An AI-powered transcription tool widely used in the medical field, has been found to hallucinate text, posing potential risks to patient safety, according to a recent academic study.
And that tool is being used in a commercial medical transcription product that, worryingly, deletes the underlying audio from which transcriptions are generated, leaving medical staff no way to verify their accuracy, AP News reported on Saturday.
OpenAI’s Whisper, the underlying AI tool, is integrated into medical transcription services from Nabla, which the company says are used by over 30,000 clinicians at more than 70 organizations. Nabla told AP its product had been used to transcribe around 7 million medical visits.
Whisper is also embedded in Microsoft’s and Oracle’s cloud computing platforms and integrated with certain versions of ChatGPT. Despite its wide adoption, researchers are now raising serious concerns about its accuracy.
In a study conducted by researchers from Cornell University, the University of Washington, and others, researchers discovered that Whisper “hallucinated” in about 1.4% of its transcriptions, sometimes inventing entire sentences, nonsensical phrases, or even dangerous content, including violent and racially charged remarks.
The study, Careless Whisper: Speech-to-Text Hallucination Harms, found that Whisper often inserted phrases during moments of silence in medical conversations, particularly when transcribing patients with aphasia, a condition that affects language and speech patterns.

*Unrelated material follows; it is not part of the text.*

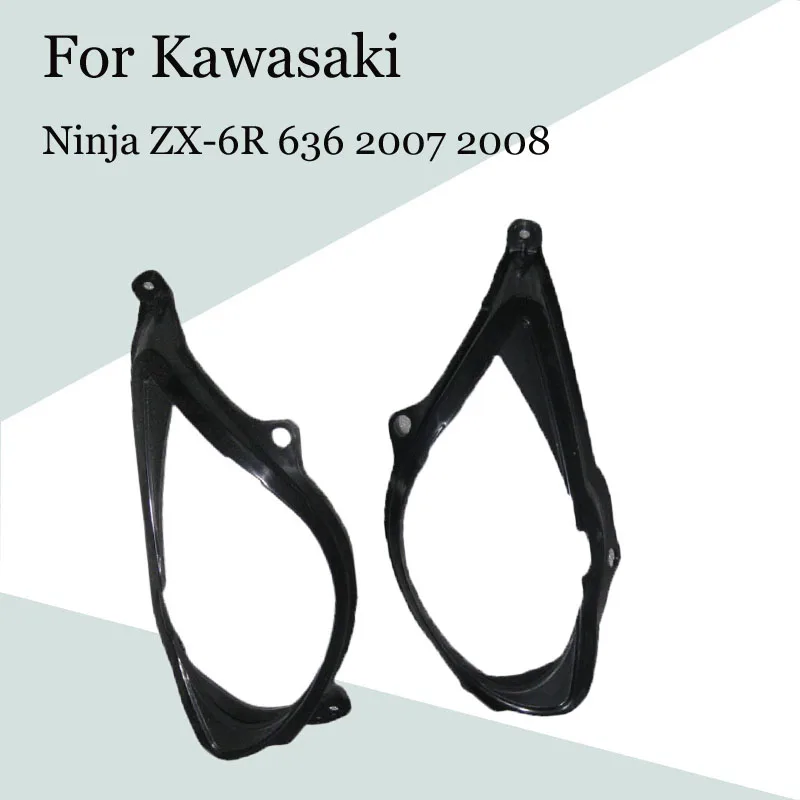 2003 kawasaki ninja 636 fairings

In these cases, the AI sometimes fabricated unrelated phrases, such as “Thank you for watching!” — likely due to its training on a large dataset of YouTube videos. In more concerning instances, it invented fictional medications like “hyperactivated antibiotics” and even injected racial commentary into transcripts, AP reported.
For example, Whisper correctly transcribed a speaker’s reference to “two other girls and one lady” but added “which were Black,” despite no such racial context in the original conversation.
Whisper is not the only AI model that generates such errors. In a separate study, researchers found that AI models used to help programmers were also prone to hallucinations.
Harmful hallucinations
Whisper’s errors are a result of the AI model creating patterns based on its training data that do not exist in the samples, leading to nonsensical or fabricated outputs. This phenomenon, known as hallucination, has been documented across various AI models. According to the researchers, 40% of Whisper’s hallucinations could have harmful consequences, as the AI misinterpreted or misrepresented the speaker’s intent in several cases.
Although Whisper’s creators have claimed that the tool possesses “human-level robustness and accuracy,” multiple studies have shown otherwise.
In one study of public meetings cited by AP, a researcher from the University of Michigan found hallucinations in eight of every 10 audio transcriptions. Another machine learning engineer reported hallucinations in about half of over 100 hours of transcriptions inspected. A third study identified hallucinations in nearly every one of 26,000 transcripts generated using Whisper, AP said.
Microsoft, which offers Whisper as part of its cloud computing services, advises companies incorporating it in the solutions they offer to “obtain appropriate legal advice to review your solution, particularly if you will use it in sensitive or high-risk applications.”
Despite this, many healthcare providers are already adopting it for transcribing patient consultations.
Nabla, the company integrating Whisper into its medical transcription tools, has acknowledged the hallucination issue and is reportedly working to address it, the AP report said.
With over 4.2 million downloads on the open-source AI platform HuggingFace in the past month, Whisper has become one of the most popular speech recognition models. However, as its usage spreads, researchers are warning against its adoption in critical sectors like healthcare due to the serious implications of its errors.
While other AI transcription tools also make mistakes, the frequency and potential harm caused by Whisper’s hallucinations are raising red flags. Similar AI models, such as Google’s AI Overviews, have faced criticism for producing similarly outlandish outputs, such as recommending non-toxic glue to keep cheese from falling off pizza.
As the healthcare industry increasingly integrates AI solutions, the risks posed by such hallucinations demand immediate attention to avoid harmful consequences for patients.